Пустота и никчемность выцветающей, нечистой жизни время от времени будут побуждать его забывать в себе бережного художника и почти напрямую выговаривать боль и досаду на теряющего лицо человека, «вздыбленного водкой и дикостью», творящего зло толпой — «изловят за околицей доверчивую лошаденку, привяжут проволокой к дереву и обольют бензином… и будут дико хохотать и каннибальски приплясывать, глядя, как, охваченное ревущим огнем, корчится и утробно стонет уже бесхвостое, безгривое и обезумевшее животное». Какая уж тут литература — огнем хочется писать. И тут он близко ходит от жестоких «затесей» и мучающих рассказов Виктора Петровича, которые не приносят очищения, не вываливают в сердце, не преображают человека, а терзают его и заставляют слепнуть от безысходности до торопливого обобщения, что и весь человек оставлен Богом в игрушки похотливому дьяволу.

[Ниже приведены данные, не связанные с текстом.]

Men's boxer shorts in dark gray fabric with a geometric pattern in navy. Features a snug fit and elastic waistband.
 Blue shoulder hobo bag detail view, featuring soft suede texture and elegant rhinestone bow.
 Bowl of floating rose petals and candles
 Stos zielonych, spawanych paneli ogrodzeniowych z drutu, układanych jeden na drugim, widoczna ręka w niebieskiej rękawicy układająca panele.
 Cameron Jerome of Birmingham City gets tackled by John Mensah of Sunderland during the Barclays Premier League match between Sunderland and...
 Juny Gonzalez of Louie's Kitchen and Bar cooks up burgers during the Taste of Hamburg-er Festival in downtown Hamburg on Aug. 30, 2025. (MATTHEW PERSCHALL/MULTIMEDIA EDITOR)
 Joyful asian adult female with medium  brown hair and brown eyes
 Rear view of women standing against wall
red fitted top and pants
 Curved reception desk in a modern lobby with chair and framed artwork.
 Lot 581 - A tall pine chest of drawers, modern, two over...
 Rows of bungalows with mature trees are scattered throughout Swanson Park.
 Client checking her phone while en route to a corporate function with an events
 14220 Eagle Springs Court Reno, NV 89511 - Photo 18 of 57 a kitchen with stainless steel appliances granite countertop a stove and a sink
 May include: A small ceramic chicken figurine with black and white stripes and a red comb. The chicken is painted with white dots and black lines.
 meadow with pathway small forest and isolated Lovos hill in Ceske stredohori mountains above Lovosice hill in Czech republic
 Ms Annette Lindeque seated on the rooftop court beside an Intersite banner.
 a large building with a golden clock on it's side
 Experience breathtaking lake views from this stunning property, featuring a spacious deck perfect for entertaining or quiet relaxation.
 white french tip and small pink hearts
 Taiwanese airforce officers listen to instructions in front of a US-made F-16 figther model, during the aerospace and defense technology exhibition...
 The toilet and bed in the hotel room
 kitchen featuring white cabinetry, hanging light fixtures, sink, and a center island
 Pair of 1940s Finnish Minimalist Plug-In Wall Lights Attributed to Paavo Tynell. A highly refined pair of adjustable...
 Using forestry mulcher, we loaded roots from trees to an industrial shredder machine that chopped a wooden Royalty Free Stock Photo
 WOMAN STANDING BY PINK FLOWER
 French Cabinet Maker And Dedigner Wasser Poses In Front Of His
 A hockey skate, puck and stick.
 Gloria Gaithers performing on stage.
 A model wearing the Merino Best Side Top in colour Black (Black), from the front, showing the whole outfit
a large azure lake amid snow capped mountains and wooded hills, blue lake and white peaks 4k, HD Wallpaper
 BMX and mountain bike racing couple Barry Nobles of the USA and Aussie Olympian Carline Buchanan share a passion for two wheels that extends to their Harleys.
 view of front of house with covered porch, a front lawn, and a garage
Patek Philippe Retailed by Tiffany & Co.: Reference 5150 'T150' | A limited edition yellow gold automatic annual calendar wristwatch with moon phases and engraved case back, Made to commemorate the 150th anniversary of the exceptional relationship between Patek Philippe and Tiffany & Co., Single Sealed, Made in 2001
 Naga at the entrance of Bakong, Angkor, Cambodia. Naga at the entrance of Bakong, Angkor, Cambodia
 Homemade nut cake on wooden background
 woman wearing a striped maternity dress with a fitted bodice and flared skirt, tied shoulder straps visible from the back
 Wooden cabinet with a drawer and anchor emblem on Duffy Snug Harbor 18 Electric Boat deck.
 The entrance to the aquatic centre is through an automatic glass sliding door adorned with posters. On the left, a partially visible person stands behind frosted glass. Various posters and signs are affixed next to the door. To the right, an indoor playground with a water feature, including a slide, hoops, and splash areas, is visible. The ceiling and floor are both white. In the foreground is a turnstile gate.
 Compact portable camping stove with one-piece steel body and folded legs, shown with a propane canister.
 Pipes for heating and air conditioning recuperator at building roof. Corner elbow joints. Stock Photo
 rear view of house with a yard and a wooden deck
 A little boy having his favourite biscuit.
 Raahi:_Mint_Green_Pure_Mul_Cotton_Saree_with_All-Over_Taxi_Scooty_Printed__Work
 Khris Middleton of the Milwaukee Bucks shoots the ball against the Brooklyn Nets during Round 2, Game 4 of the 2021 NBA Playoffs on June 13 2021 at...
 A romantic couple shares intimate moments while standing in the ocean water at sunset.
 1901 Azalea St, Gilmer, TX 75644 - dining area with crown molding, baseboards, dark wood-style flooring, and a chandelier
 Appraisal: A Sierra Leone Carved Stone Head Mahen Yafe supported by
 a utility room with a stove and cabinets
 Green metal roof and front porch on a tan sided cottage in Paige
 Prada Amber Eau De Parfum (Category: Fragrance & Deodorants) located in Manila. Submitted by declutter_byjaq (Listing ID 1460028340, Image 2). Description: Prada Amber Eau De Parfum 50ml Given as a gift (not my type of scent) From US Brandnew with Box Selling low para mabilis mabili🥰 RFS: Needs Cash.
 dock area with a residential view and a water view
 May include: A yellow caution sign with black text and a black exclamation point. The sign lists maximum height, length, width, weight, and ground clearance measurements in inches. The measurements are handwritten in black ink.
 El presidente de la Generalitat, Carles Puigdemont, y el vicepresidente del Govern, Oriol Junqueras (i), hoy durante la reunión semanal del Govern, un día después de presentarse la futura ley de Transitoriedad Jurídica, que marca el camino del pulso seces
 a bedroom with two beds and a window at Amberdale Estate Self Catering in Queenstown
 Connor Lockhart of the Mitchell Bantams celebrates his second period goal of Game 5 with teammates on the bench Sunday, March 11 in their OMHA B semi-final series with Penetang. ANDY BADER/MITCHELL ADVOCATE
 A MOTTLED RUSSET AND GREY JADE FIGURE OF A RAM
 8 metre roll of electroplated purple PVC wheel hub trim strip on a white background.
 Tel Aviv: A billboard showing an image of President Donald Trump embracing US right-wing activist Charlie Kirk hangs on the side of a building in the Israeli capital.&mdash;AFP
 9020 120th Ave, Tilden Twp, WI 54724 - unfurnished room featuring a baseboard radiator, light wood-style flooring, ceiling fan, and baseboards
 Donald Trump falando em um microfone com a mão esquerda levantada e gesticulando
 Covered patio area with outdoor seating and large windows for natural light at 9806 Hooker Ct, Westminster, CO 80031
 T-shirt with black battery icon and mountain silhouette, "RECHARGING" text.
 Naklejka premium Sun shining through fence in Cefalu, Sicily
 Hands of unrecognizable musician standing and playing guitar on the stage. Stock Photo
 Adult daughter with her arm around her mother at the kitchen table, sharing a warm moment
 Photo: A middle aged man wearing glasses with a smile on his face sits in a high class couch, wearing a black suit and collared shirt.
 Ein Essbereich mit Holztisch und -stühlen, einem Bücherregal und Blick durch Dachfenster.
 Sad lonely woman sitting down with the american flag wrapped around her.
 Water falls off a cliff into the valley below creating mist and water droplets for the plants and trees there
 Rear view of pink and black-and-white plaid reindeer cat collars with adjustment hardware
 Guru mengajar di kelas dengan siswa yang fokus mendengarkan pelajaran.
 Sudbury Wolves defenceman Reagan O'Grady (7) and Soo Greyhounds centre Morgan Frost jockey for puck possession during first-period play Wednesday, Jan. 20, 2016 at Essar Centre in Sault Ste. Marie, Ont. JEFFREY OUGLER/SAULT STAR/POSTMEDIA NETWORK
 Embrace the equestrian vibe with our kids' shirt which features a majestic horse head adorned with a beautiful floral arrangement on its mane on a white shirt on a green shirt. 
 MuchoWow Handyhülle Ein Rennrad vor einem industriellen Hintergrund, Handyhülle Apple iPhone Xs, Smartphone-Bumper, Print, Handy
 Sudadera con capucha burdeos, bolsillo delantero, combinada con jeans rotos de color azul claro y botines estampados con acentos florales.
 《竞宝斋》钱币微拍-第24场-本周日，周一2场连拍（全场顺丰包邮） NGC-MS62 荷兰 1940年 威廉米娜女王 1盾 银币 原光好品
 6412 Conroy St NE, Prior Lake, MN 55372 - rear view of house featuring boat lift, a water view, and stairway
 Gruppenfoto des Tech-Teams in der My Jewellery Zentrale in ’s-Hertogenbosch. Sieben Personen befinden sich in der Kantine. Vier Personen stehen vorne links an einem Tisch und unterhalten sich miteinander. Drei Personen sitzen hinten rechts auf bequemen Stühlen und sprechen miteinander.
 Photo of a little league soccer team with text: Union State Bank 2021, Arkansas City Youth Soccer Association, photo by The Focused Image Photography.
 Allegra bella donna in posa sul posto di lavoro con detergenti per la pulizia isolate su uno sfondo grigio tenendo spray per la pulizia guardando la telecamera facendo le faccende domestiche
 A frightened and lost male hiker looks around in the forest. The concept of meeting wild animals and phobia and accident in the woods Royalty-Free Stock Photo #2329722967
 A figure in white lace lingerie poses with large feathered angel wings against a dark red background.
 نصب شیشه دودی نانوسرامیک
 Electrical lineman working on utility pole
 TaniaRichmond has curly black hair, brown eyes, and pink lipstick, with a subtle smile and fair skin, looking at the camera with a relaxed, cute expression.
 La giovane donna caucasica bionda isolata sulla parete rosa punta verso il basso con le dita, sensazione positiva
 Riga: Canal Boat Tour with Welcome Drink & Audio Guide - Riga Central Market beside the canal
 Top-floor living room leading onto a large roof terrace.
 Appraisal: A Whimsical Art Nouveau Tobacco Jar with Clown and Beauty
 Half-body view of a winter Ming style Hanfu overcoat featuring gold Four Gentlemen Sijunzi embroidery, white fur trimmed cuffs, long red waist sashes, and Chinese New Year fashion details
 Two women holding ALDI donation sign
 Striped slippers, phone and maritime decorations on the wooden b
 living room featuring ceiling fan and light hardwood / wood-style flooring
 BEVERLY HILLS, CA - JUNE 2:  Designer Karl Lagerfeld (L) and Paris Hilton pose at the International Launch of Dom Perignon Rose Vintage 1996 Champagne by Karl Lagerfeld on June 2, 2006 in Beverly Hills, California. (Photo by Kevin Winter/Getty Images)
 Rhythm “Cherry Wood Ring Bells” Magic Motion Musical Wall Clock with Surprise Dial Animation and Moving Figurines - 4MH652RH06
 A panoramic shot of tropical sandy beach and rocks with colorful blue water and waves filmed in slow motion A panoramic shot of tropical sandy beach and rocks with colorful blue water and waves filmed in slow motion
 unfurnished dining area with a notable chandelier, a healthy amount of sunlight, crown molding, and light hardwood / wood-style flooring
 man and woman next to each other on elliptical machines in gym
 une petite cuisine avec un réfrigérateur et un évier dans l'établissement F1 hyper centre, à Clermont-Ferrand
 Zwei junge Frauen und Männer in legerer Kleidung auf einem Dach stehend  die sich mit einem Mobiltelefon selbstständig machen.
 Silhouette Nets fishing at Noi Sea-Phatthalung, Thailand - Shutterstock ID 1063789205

Но в том-то и отличие Евгения Ивановича, как художника, что этими несколькими сюжетами, о которых мне и говорить подробно не хочется, по сути и кончается темная сторона его творчества. Горя, правда, будет еще много, так горе человеку не укор. Оно только озаряет его самым чистым светом, в котором нет тени и укрытия, и весь человек на виду. И это испытание горем его герои проходят, как только русский человек и может пройти. Древо познания не успевает пустить корней в его сердце. Он и сам к анчару не пойдет и народное сердце не пустит.
Носов — весь дитя света и в этом свете неисчерпаем. Только свет на Руси ходит об руку со страданием и оттого особенно тонок и чуден, и ранящ, и целителен. Это знали Тургенев и Чехов, Бунин и Толстой, попозднее и в сверстниках — Георгий Семенов и особенно Юрий Казаков, с которым Носов нет-нет и перекликнется, потому что будет любить его. И не то чтобы сознательно перекликнется, а сами характеры героев заставят нас на минуту поставить эти имена рядом. Прочтешь вот «Храм Афродиты» и надолго замолчишь. И сам вспомнишь, сколько раз тебя мучило в чужих местах острое чувство бездомности и внезапной жалящей тоски посреди застигшего тебя на ненастной улице заката, как мучает оно героя рассказа, что «он прошел и никогда до конца своих дней не увидит этого человека, как никогда не видел его прежде». И нечаянная спутница вдруг сделается страшно близка, будто больше и нет вокруг никого, и к утру будильник будет стучать, как «вынутое сердце», и напоминать об ужасе мгновенного счастья, о необходимости прощания, о какой-то разъединяющей ненадежности русской жизни, в которой золотые мечты ненароком съедаются этим простором, этим вязким, ограждающим от жизни и вместе враждебным ей бытом. Потянешься обмануть себя, сдаться порыву и свету, а время и обстоятельства не пустят. И заноза затянется, но не выйдет, как у бедного Гурова из чеховской «Дамы с собачкой», как у казаковских «Адама и Евы», как у героя вот этого носовского рассказа, который коснулся чуда и не осмелился принять его.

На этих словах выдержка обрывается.